I was in southeast London training to be a midwife. I felt so sorry for the expectant mums. We (pupil midwives) had to go along an enclosed pathway from one building to another that had ? Perspex sides which became black with thousands of ladybirds . I went to a local lido which was packed. Spent some nights on the roof of the hospital (we lived there)as it was so hot indoors. Tarmac melted in places. So yes I remember 1976

RampantIvy · 16/07/2022 23:50

Probably one of the best years of my life. Anyone relate?

Yes, definitely. I was 17 and carefree. I went camping on the Isle of Wight with 7 other girls and we had a blast. I remember the electrical storms when the lightning flickered for hours but no rain or thunder.

77 was pretty good too, I think.

No, it wasn’t. It rained a lot.

I remember 1995 as well. I was living in Leeds at the time and the reservoirs in the Pennines were practically empty. They were tankering water down from Kielder Water.

Stichintime · 16/07/2022 23:51

Remember the ladybirds and being allowed to stay up late in the garden because of the heat. Also remember eating alot of homemade stawberry jam, I guess there was a glut!

WhenDovesFly · 16/07/2022 23:52

I was 13 and went on holiday for a week to Broadstairs with a school friend and her family. Got horribly sunburned on my back and back of legs and the journey home in their car was awful. I laid in bed that night on my front with the covers off as I was radiating heat. In the early hours I got the shivers but the sunburn was so bad I couldn't bend down to pull a sheet up over me and had to yell for my mum. That's my lasting memory of 1976.

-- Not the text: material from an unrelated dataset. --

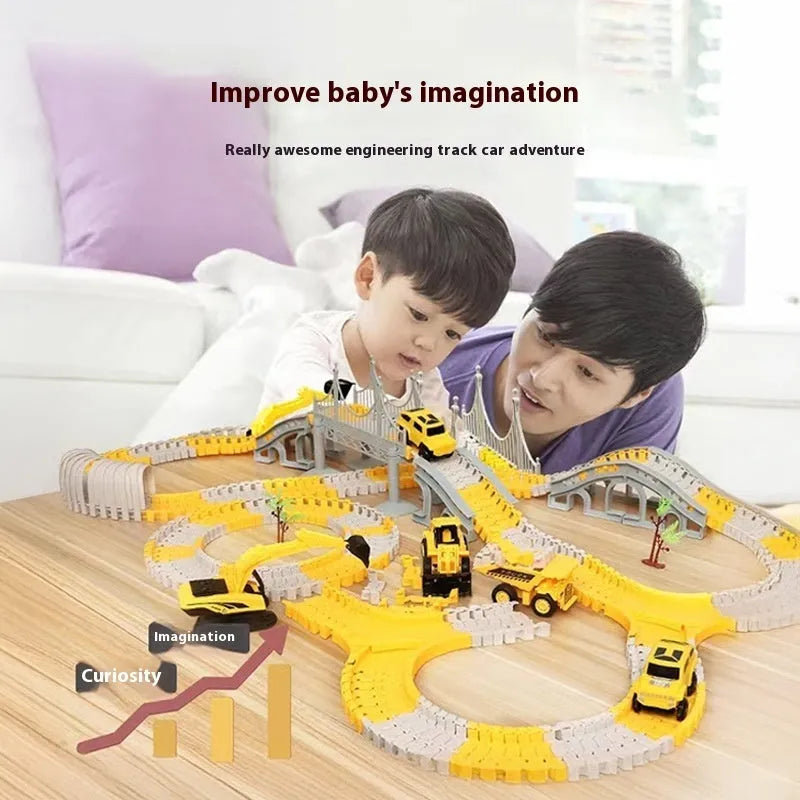 Rail car toy set with plastic track pieces and two electric cars in multiple piece counts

BeerPongChampion · 16/07/2022 23:56

I want born in 76 but I’ve been talking about this today with my aunt, uncle and cousins. They said it was all people talked about at the time. I think there must have been hysteria being as everyone still talks about it now, not just now but every summer. The only difference is no social media, people were still concerned and there was plenty of moaning apparently despite everyone that lived through it denying it now. 🤣

My cousin was kept off school some days as he was suffering from dehydration. My aunt was a teacher and said lots of kids just didn’t go to school. She did some lessons outside on the grass as inside the school was too hot. Parts of the playground melted. There were also loads of fires near where they lived, my uncle was a fireman and said they were on high alert for weeks and had to work extra shifts to cope.